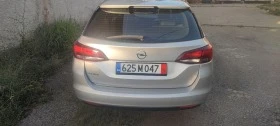 Opel Astra 1.6 CDTI | Mobile.bg    4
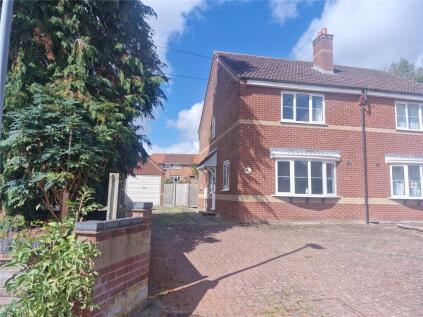 Pople Street, Wymondham, Norfolk, NR18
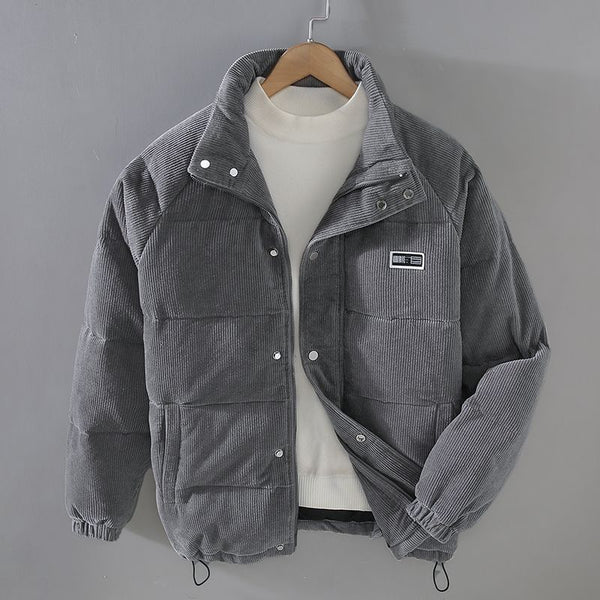 Stijlvol Corduroy Herenjack | Tom
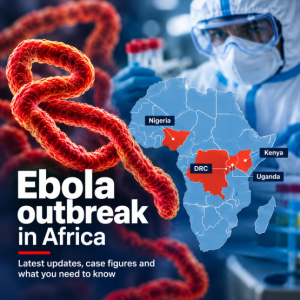 Ebola outbreak spreads to five countries as South Africa steps up vigilance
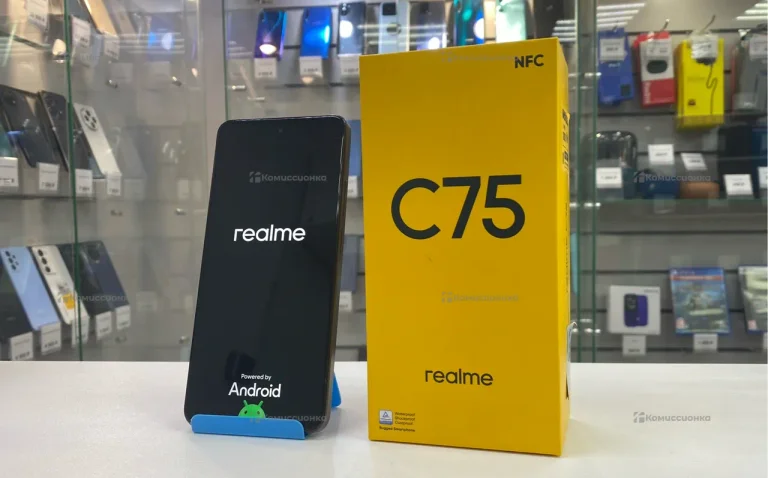 Realme C75 8/128 ГБ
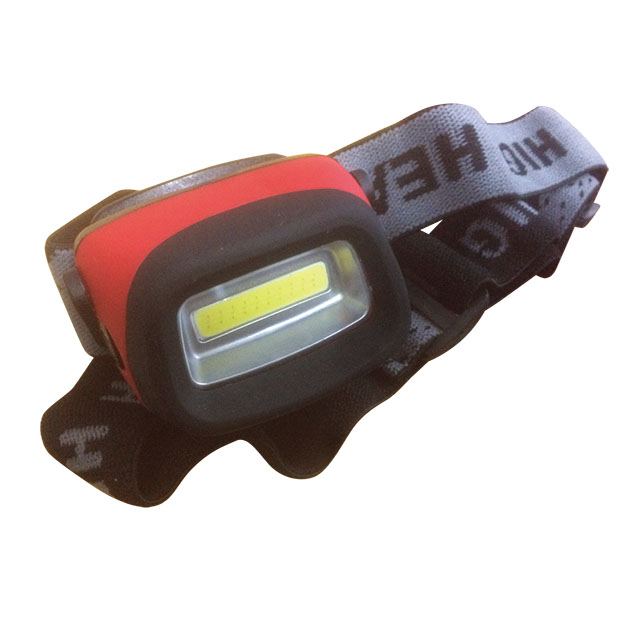 CLH-1604-3W COB WITH RUBBERIZED
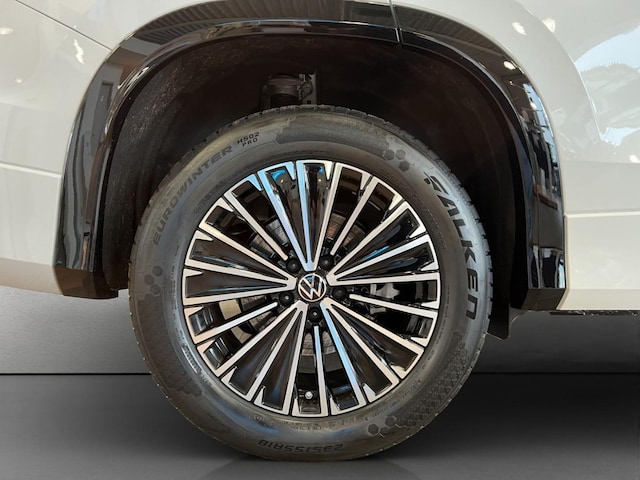 Volkswagen Tayron R-Line eHybrid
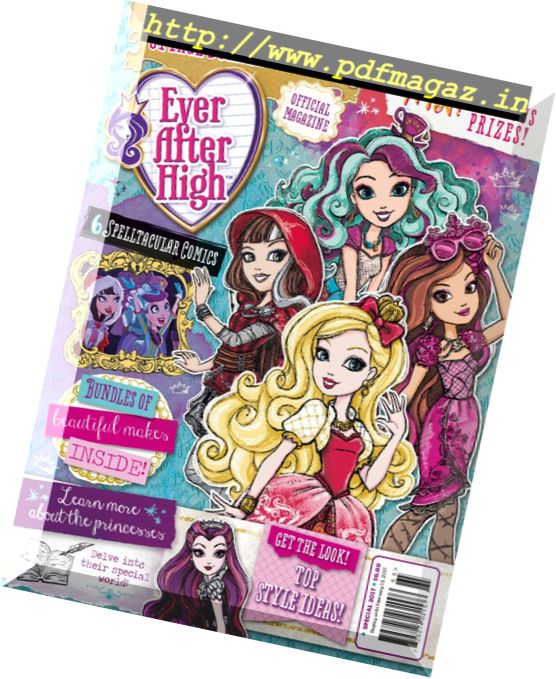 Ever After High – Special 2016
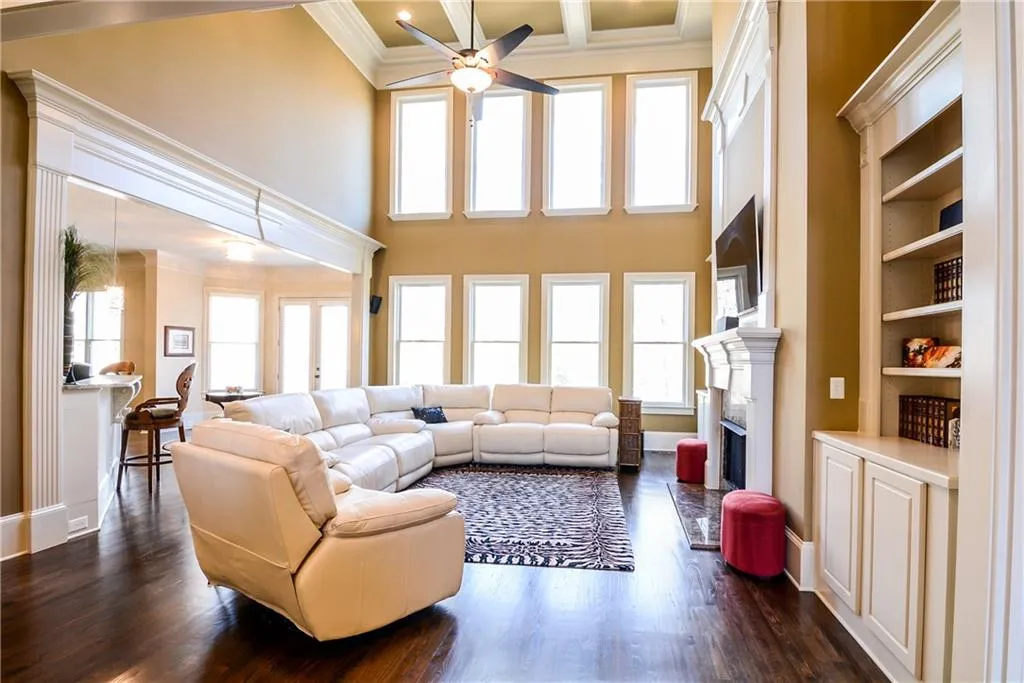 3952 Dahlwiny Court, Sandy Springs, Georgia 30350, 5 Bedrooms Bedrooms, ,4 BathroomsBathrooms,Residential,Sold,3952 Dahlwiny Court,5637755
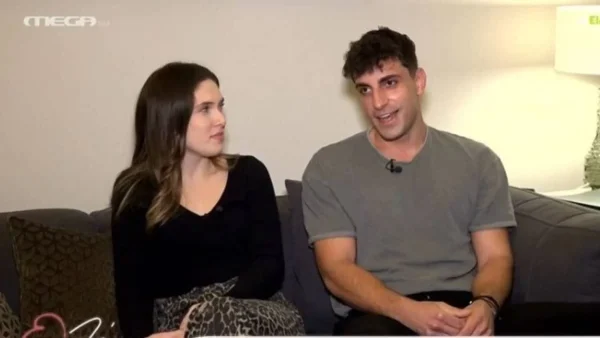 Δυστυχώς: Αφροδίτη Λιάντου και Αλέξανδρος Σκουρλέτης ανακοίνωσαν τα δυσάρεστα για την Γη της Ελιάς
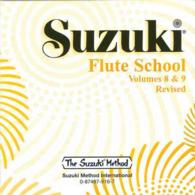 Suzuki Flute School (2-Volume Set) (Suzuki Flute School)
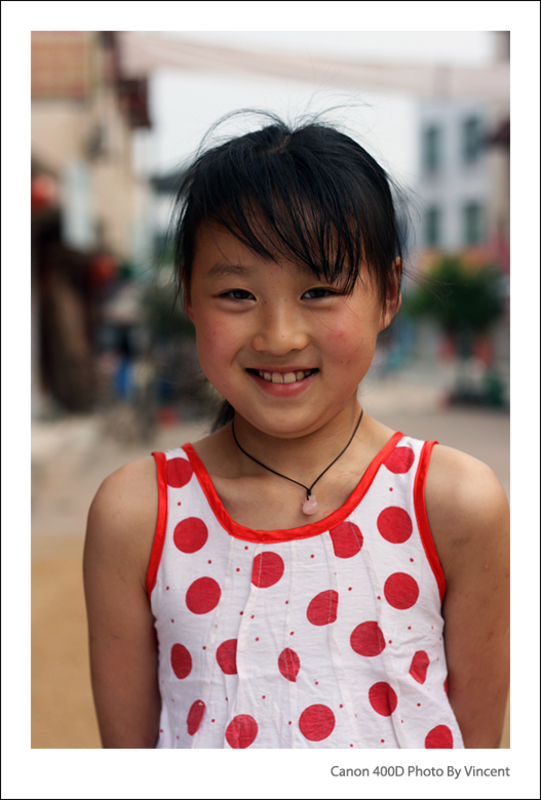 可爱的小妹妹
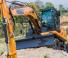 Excavatoare pe roți Case WX148
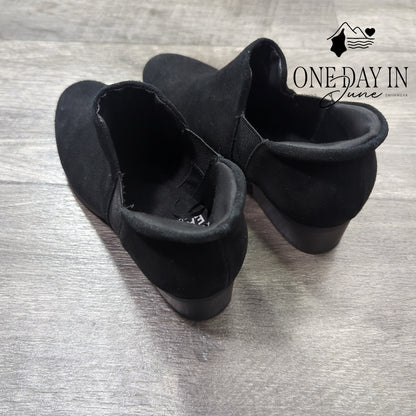 Kenneth Cole Reaction Slip On Heels Size 7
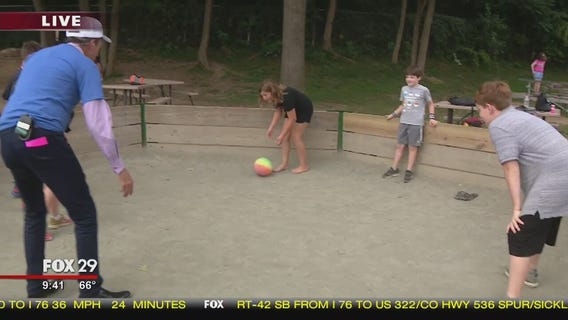 Camp Kelly: Roxborough YMCA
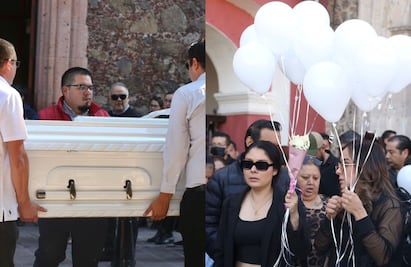 FOTOS y VIDEO: Realizan serie de misas de cuerpo presente de víctimas de la masacre en Salvatierra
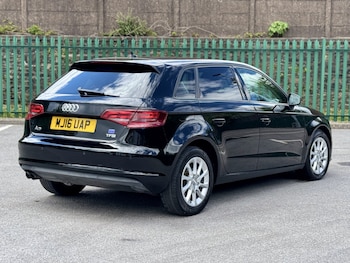 Used Audi A3 2016 for sale - 78865064: Photo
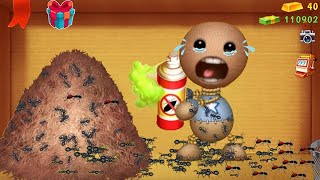 CRAZY Anthill vs The Buddy  Kick The Buddy [upl. by Adianes837]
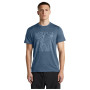 Функционална мъжка тениска Icebreaker M 150 Tech Lite SS Tee Great Heights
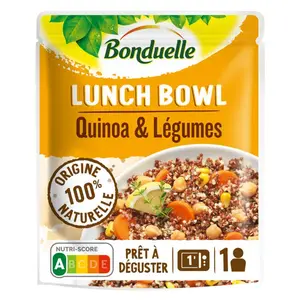 Bonduelle Lunch bowl quinoa 250g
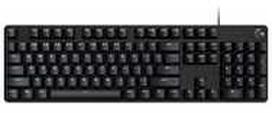 Klaviatūra Logitech G413 SE - Juodas - CH - CENTRAL -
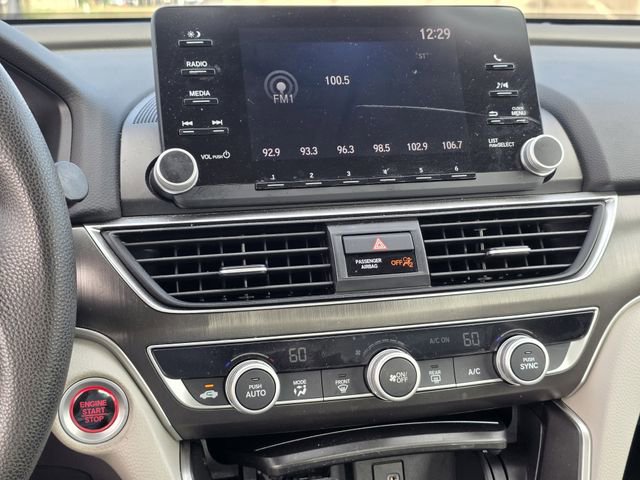Used 2019 Honda Accord LX image 8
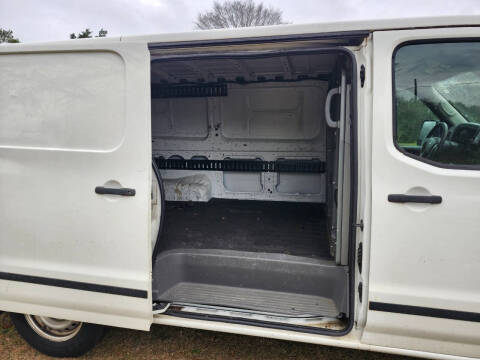 2019 Nissan NV 1500 S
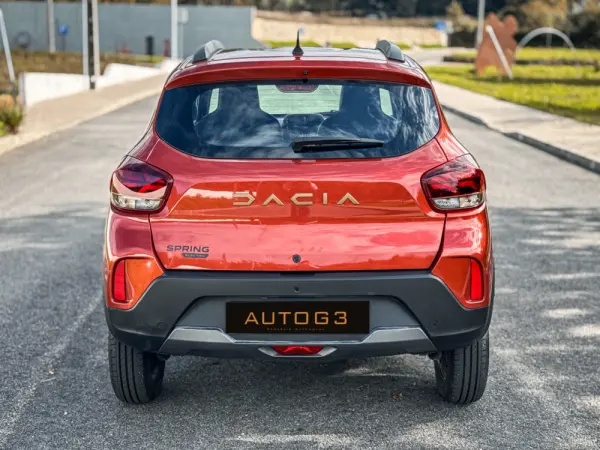 Dacia Spring Electric 65 Extreme 10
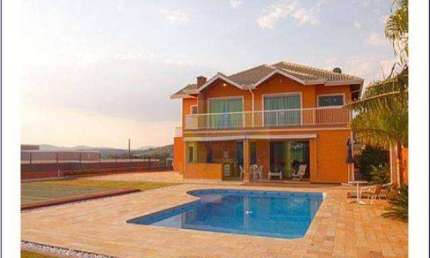 Casa residencial à venda, Guaxinduva, Atibaia - CA0590.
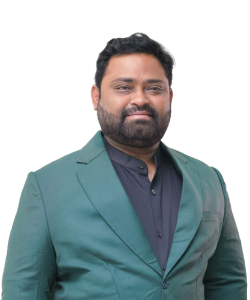 Surya Boggavarapu | Director of Marketing | Delight Chemicals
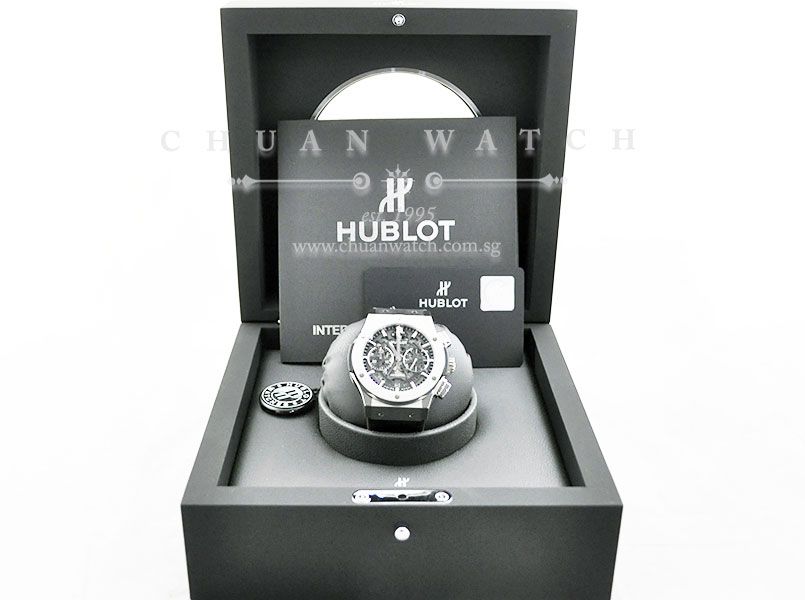 Hublot Classic Fusion Aerofusion Chronograph 45mm 525.NX.0170.LR - Image 5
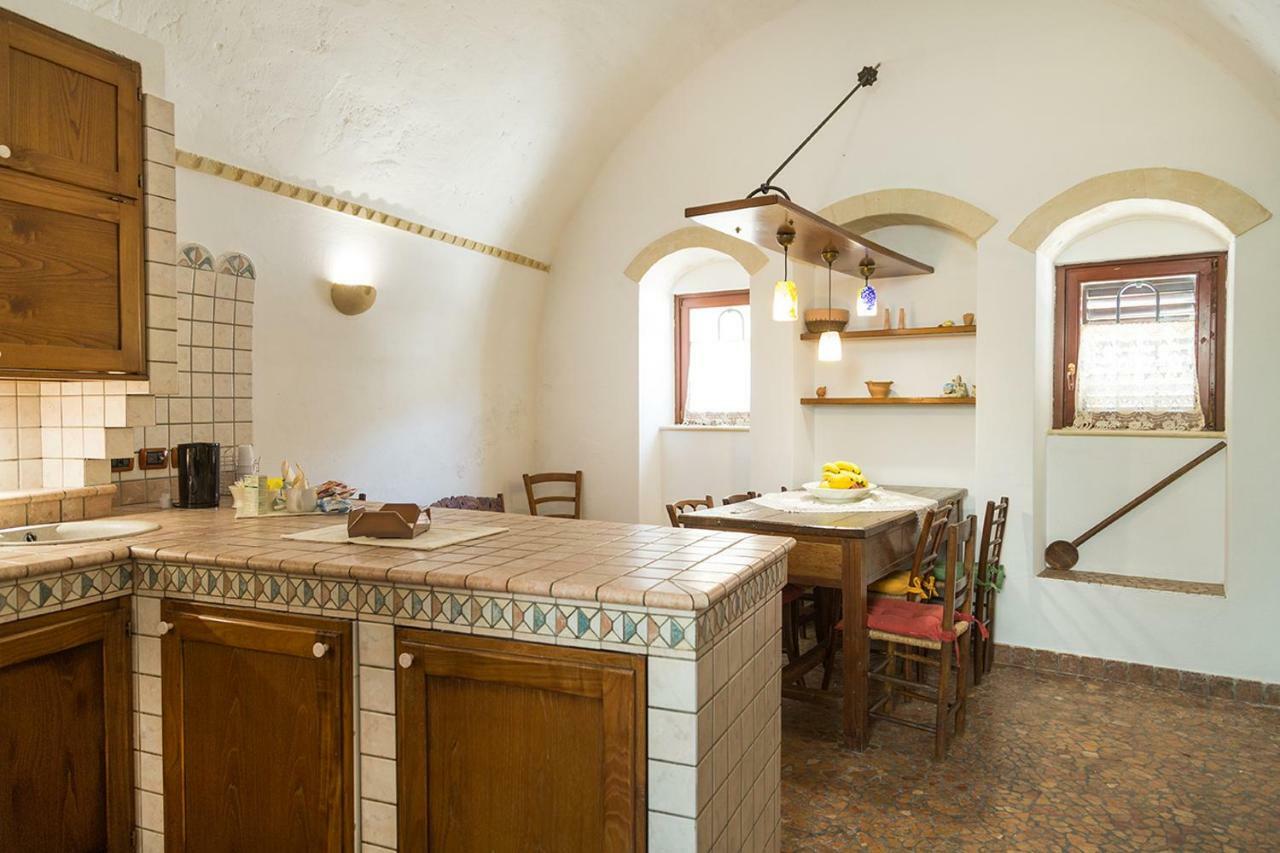 Umbra Idris Holiday Home Matera Ngoại thất bức ảnh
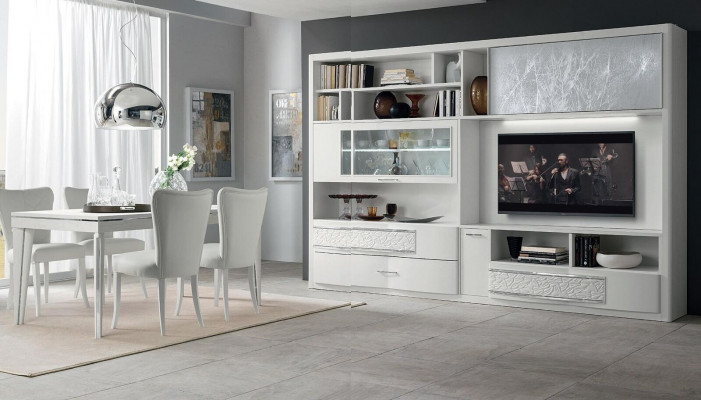 Stół obiadowy Rozkładany Tabela Drewno Luksusowe stoły jadalnia Meble Jadalnia Nowoczesny Design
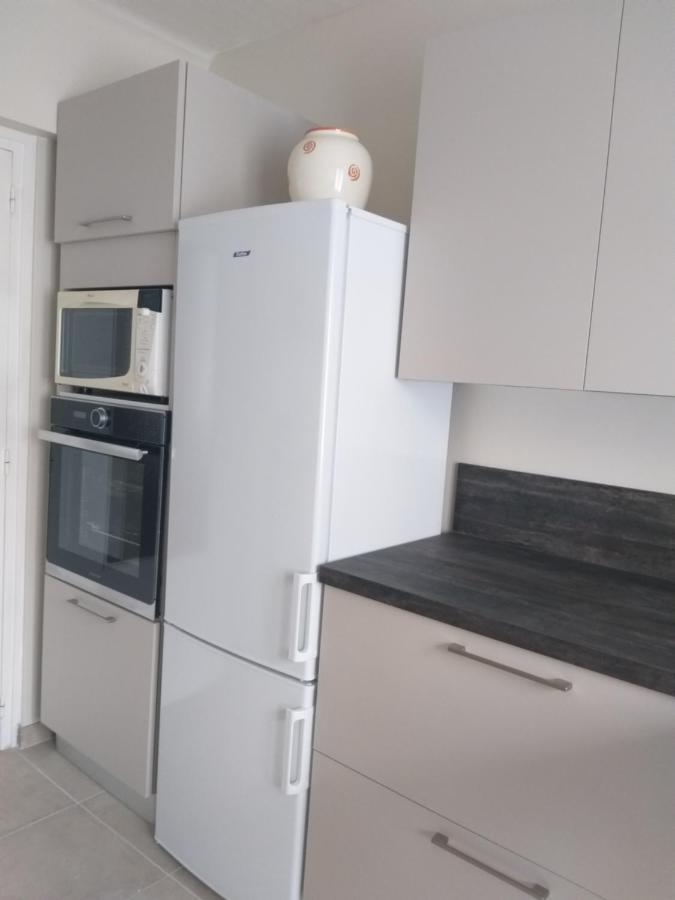 Kerambrigant Apartment Concarneau Ngoại thất bức ảnh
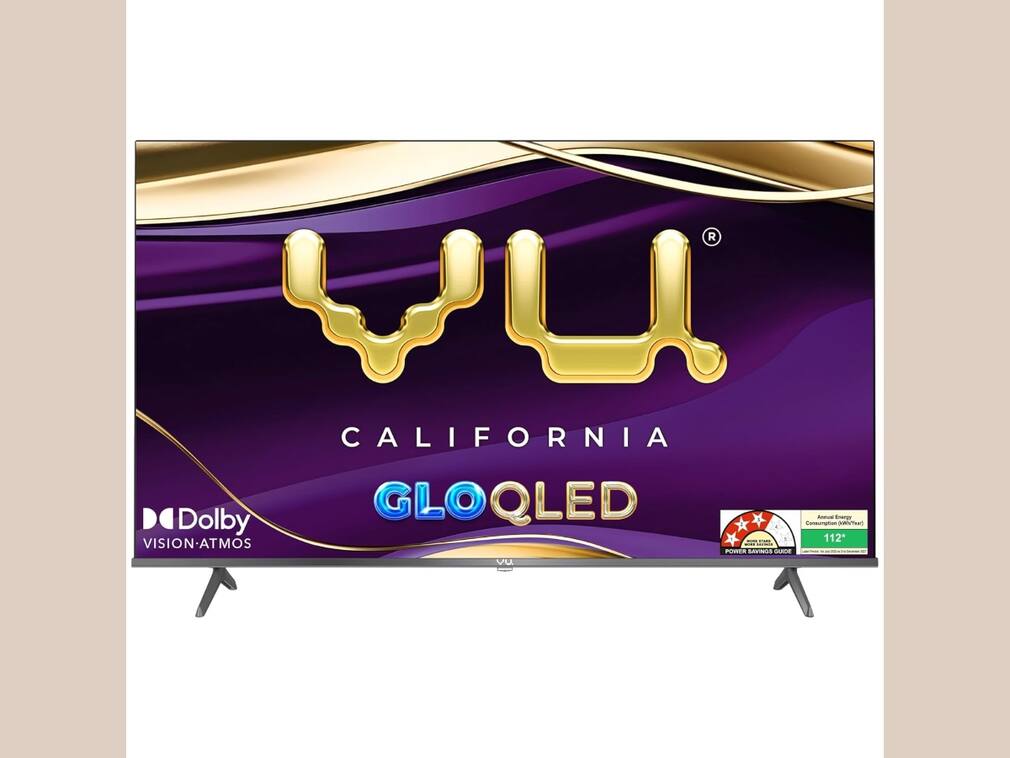 Vu 4K Glo QLED TV 2025 सीरीज भारत में लॉन्च, मिलेंगे एक से बढ़कर एक फीचर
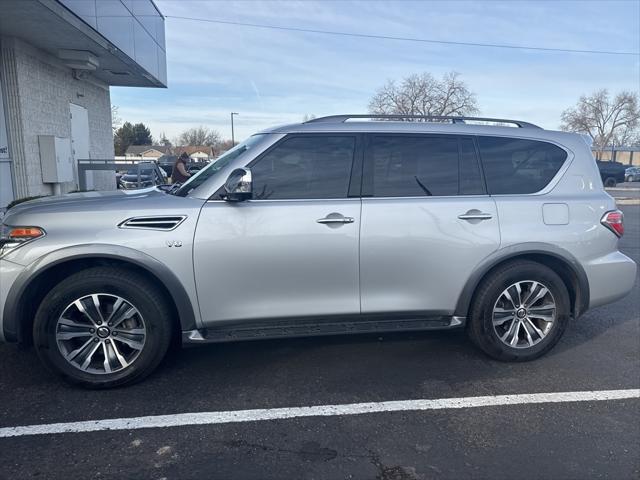2019 Nissan Armada SL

> _Assignment_: Would you copy out all the data exactly, without the images?

> _Answer space_:
 Opel Astra 1.6 CDTI | Mobile.bg    4
 Pople Street, Wymondham, Norfolk, NR18
 Stijlvol Corduroy Herenjack | Tom
 Ebola outbreak spreads to five countries as South Africa steps up vigilance
 Realme C75 8/128 ГБ
 CLH-1604-3W COB WITH RUBBERIZED
 Volkswagen Tayron R-Line eHybrid
 Ever After High – Special 2016
 3952 Dahlwiny Court, Sandy Springs, Georgia 30350, 5 Bedrooms Bedrooms, ,4 BathroomsBathrooms,Residential,Sold,3952 Dahlwiny Court,5637755
 Δυστυχώς: Αφροδίτη Λιάντου και Αλέξανδρος Σκουρλέτης ανακοίνωσαν τα δυσάρεστα για την Γη της Ελιάς
 Suzuki Flute School (2-Volume Set) (Suzuki Flute School)
 可爱的小妹妹
 Excavatoare pe roți Case WX148
 Kenneth Cole Reaction Slip On Heels Size 7
 Camp Kelly: Roxborough YMCA
 FOTOS y VIDEO: Realizan serie de misas de cuerpo presente de víctimas de la masacre en Salvatierra
 Used Audi A3 2016 for sale - 78865064: Photo
 CRAZY Anthill vs The Buddy  Kick The Buddy [upl. by Adianes837]
 Функционална мъжка тениска Icebreaker M 150 Tech Lite SS Tee Great Heights
 Bonduelle Lunch bowl quinoa 250g
 Klaviatūra Logitech G413 SE - Juodas - CH - CENTRAL -
Used 2019 Honda Accord LX image 8
 2019 Nissan NV 1500 S
 Dacia Spring Electric 65 Extreme 10
 Casa residencial à venda, Guaxinduva, Atibaia - CA0590.
 Surya Boggavarapu | Director of Marketing | Delight Chemicals
 Hublot Classic Fusion Aerofusion Chronograph 45mm 525.NX.0170.LR - Image 5
 Umbra Idris Holiday Home Matera Ngoại thất bức ảnh
 Stół obiadowy Rozkładany Tabela Drewno Luksusowe stoły jadalnia Meble Jadalnia Nowoczesny Design
 Kerambrigant Apartment Concarneau Ngoại thất bức ảnh
 Vu 4K Glo QLED TV 2025 सीरीज भारत में लॉन्च, मिलेंगे एक से बढ़कर एक फीचर
2019 Nissan Armada SL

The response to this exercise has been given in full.